By Guest Contributor Alea Adigweme
When we first meet her on the show Fringe, Junior FBI Agent Astrid Farnsworth is a glorified babysitter encumbered with the task of minding her team’s resident, freshly-released-from-a-mental-hospital mad scientist, Walter Bishop. As the series begins, her functions seem to be 1) asking questions that provide convenient opportunities for exposition and 2) sighing in exasperation.
Over the past three seasons, however, Astrid has developed — albeit at an almost glacial pace — into more than the stereotypical super genius’ assistant. She is not only a genius in her own right, but she also acts as the empathic center of the Fringe Division. Compare Exhibit A with Exhibit B with Exhibit C.

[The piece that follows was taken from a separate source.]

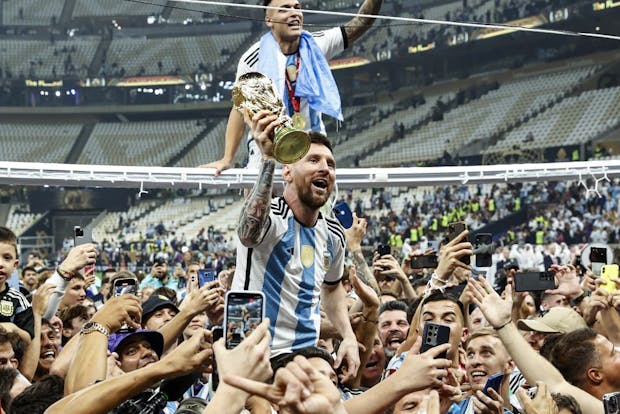 Lionel Messi of Argentina holding the World Cup trophy. (Getty Images)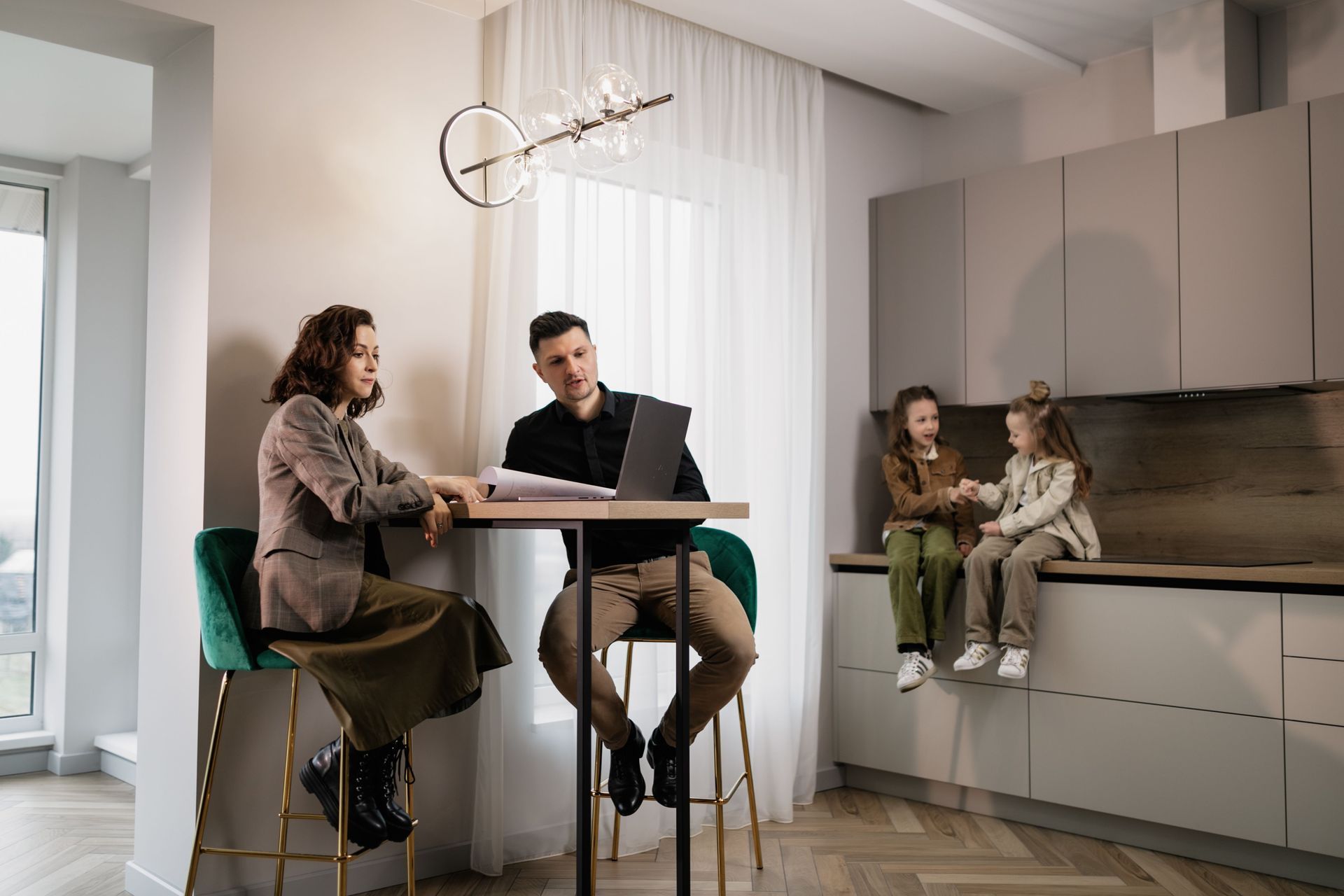 California parents with young children reviewing estate planning documents to name a guardian.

Astrid is a lifelong computer geek with a B.A. in Music who speaks five languages and bakes up a storm when she’s stressed out. She is also, seemingly — we know very little about her background — the most emotionally intact character on the show. In a contrast to the lead characters, Walter, Peter, and Olivia, whose relationships were, until relatively recently in Season 3, always on the edge of implosion, Astrid’s genius doesn’t get in the way of her ability to interact empathetically with the world. Her sparkling emotional intelligence is a welcome change from Magical Negresses who solve white people’s problems with folksy wisdom and a hug to the bosom. It is rare for the Math/Science Nerd trope to be deployed subtly and it is almost never embodied by a women of color. Astrid is essentially a unicorn. A really, really good-looking unicorn.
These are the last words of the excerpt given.